ASR and LLM integration completes hearing and reasoning capabilities

Tencent Cloud ASR converts user speech into text and serves as the entry point for the digital human to hear and understand. The Volcengine large language model generates the reply content and acts as the core of the digital human’s reasoning capability. Only after these two services are combined with the digital human driving SDK does the interaction pipeline become complete.

From the integration flow, developers must create a SecretKey in Tencent Cloud and enable a model plus generate an API Key in Volcengine. The most common problems here are not code errors, but incorrect credentials, missing permissions, or models that were never enabled.

AI Visual Insight: This image shows the credential creation entry in Tencent Cloud and indicates that ASR capability uses standard cloud-service authentication. Developers should pay close attention to credential generation and permission binding.

AI Visual Insight: This image shows the Volcengine API integration interface and indicates that the LLM component follows an API Key invocation model, which is well suited for centralized management through a frontend proxy layer or backend gateway.

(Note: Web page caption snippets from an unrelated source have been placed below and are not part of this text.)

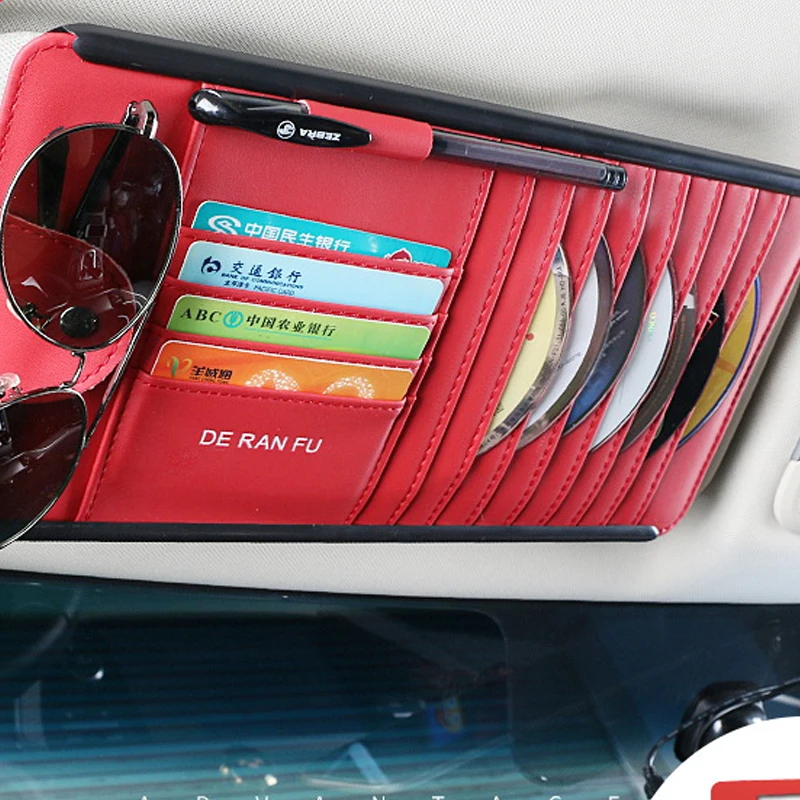 

CD/DVD Wallet for Car Interior Storage with Card Sunglasses Holder for BMW Sun Visor DVD Bag for Toyota Auto Origizer Vehicel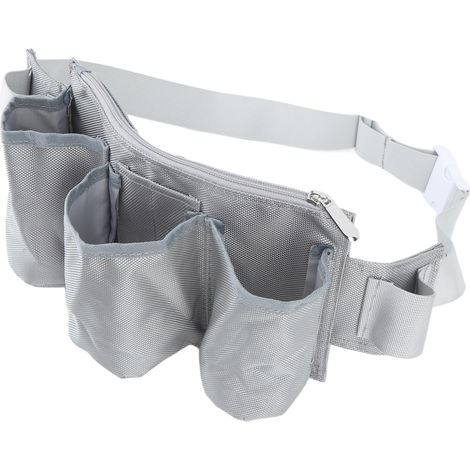 Gartengerätegürtel, 6 Taschen, 2 Gurte, Wasserdichtes Oxford-gewebe, Verstellbare Werkzeugtasche, Grau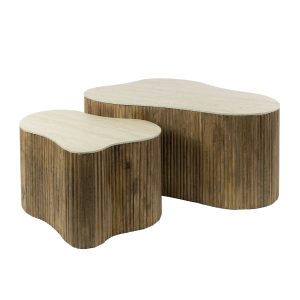 Giga Meubel Salontafel Nuovo – Organisch Beige/Hout – Set van 2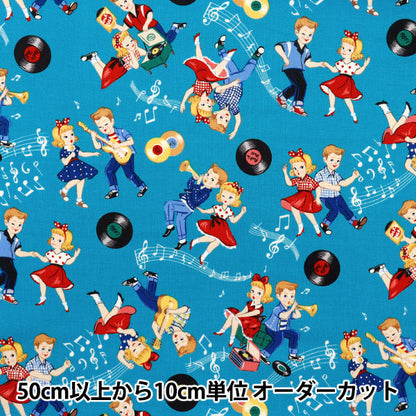 [Quantity starting from 5] Fabric 『Sheeting Sugar Rock Love Rockabilly Sax Blue LW2060-12C"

The typical capability after integration is input-driven expression

Once everything is connected successfully, users can interact through either text input or voice input. The platform then outputs speech, lip-sync, facial expressions, and body motion based on semantics and emotion. This language-to-behavior linkage is what separates an embodied AI digital human from a standard chat box.

This low-code architecture is well suited for rapid multi-device validation

The source material mentions mobile devices, desktop holographic hardware, and large-screen terminals, which shows that the platform targets a unified interaction layer across multiple endpoints rather than a single web page. For enterprises, this reduces the cost of repeatedly rebuilding digital human capabilities for each platform.

If your business goal is to build intelligent customer service, exhibition guides, data analysis assistants, or companion-style applications, this model of platform configuration, SDK integration, and external AI service orchestration is clearly more efficient than building rendering and driving systems from scratch.

FAQ structured questions and answers

1. Which development teams is Mofa Nebula suitable for?

It is a strong fit for frontend teams, application integration teams, and product teams that need to validate digital human scenarios quickly. It lowers the technical barrier for 3D rendering and motion driving.

2. Where should I look first if the integration does not work?

Start with three categories of configuration: the platform AppKey, Tencent Cloud ASR credentials, and the Volcengine API Key. Then verify whether the model has been enabled, whether speech permissions are valid, and whether local dependencies were installed correctly.

3. Why is this low-code rather than no-code?

Because developers still need to complete SDK integration, environment setup, credential injection, and debugging. However, they do not need to build a digital human rendering engine, facial synchronization pipeline, or multimodal driving engine from the ground up.

AI Readability Summary

This guide reconstructs the practical workflow for the Mofa Nebula embodied AI 3D digital human platform. It focuses on local demo startup, AppKey configuration, Tencent Cloud speech recognition integration, and Volcengine LLM debugging, helping developers quickly launch web-based digital human interactions through a low-code approach.